- Kariyan Location within Iran
- Coordinates: 26°57′20″N 57°13′05″E﻿ / ﻿26.95556°N 57.21806°E
- Country: Iran
- Province: Hormozgan
- County: Minab
- District: Kariyan
- Rural District: Kariyan

Population (2016)
- • Total: 5,000
- Time zone: UTC+3:30 (IRST)

= Kariyan, Hormozgan =

Village in Hormozgan province, Iran

Kariyan (كريان) (Note: Also romanized as Kareyān, Karian, Karīān, and Karīyan; also known as Kariūn) is a village in, and the former capital of, Kariyan Rural District of Kariyan District, Minab County, Hormozgan province, Iran, serving as capital of the district. The capital of the rural district has been transferred to the village of Ravang.

==Demographics==
===Population===
At the time of the 2006 National Census, the village's population wa 4,340 in 818 households, when it was in the Central District. The following census in 2011 counted 4,306 people in 1,113 households. The 2016 census measured the population of the village as 5,000 people in 1,369 households. It was the most populous village in its rural district.

After the census, the rural district was separated from the district in the establishment of Kariyan District.

== Background ==

Both famous poets and great poets come from the village of Kariyan . In the distant past, residents of nearby towns and villages used to travel to Kariyan for agriculture and a means of subsistence. Kariyan is one of the largest villages in Minab county.

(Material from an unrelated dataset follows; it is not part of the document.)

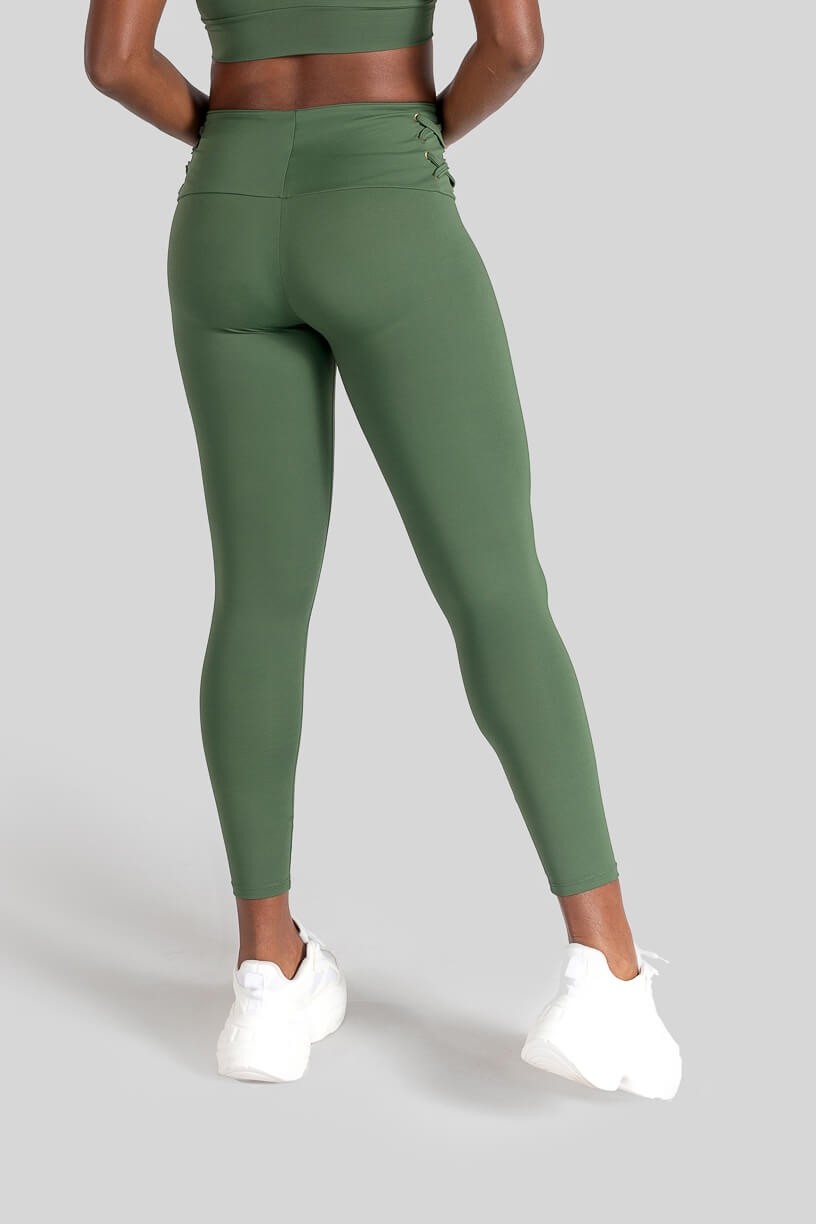 Calça Legging com Ilhós (Verde Militar) | Ref: K3106-B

A unique and widespread language is used in the Kariyan elegy. Geographical location: the Kariyan dam, orchards, and agricultural farms are among the village's attractions. It is situated 20 kilometers southeast of Minab County. Watermelon, tomato, onion, eggplant, green pepper, cabbage, mulberry, tobacco, and snuff are among the agricultural products produced in this village. The village also has a large number of neighborhoods, including Khayari, Kalat, Hanai, Kolan, Shahguzan, Miromar, and Shabanee, among others.